THE TASK
What are the lines below, starting at the line containing "東大和市立野２丁目のアパートの収納" and ending at the line containing "Foto scattata a"? Write them out exactly, ends included, without pictures.

EXERCISE INPUTS
=-=-=

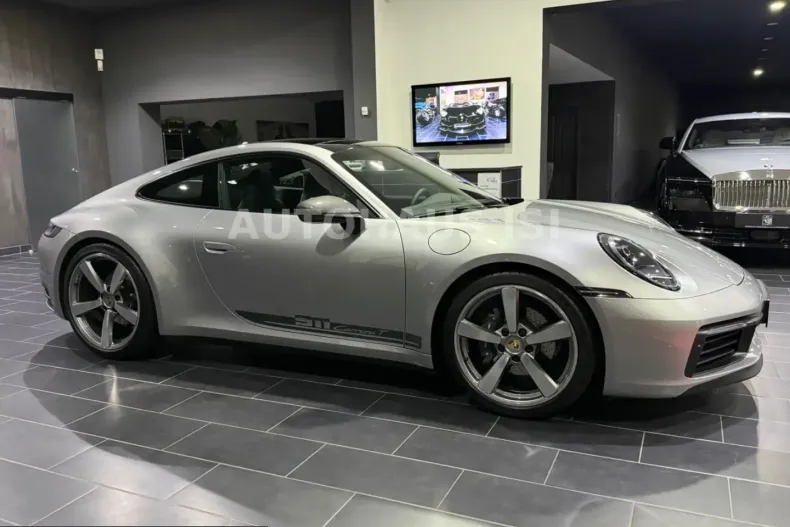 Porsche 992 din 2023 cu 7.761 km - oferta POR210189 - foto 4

=-=-=

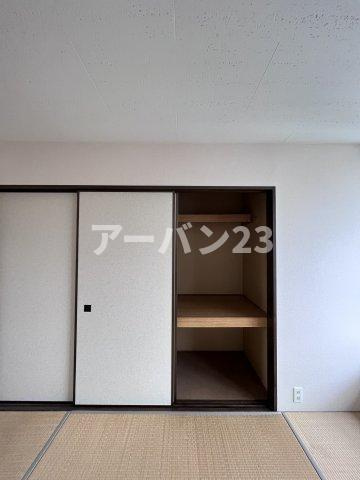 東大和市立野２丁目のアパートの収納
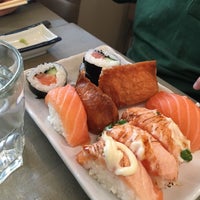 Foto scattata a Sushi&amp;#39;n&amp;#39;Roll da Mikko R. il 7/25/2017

=-=-=

ANSWER TO THE EXERCISE
 東大和市立野２丁目のアパートの収納
 Foto scattata a Sushi&amp;#39;n&amp;#39;Roll da Mikko R. il 7/25/2017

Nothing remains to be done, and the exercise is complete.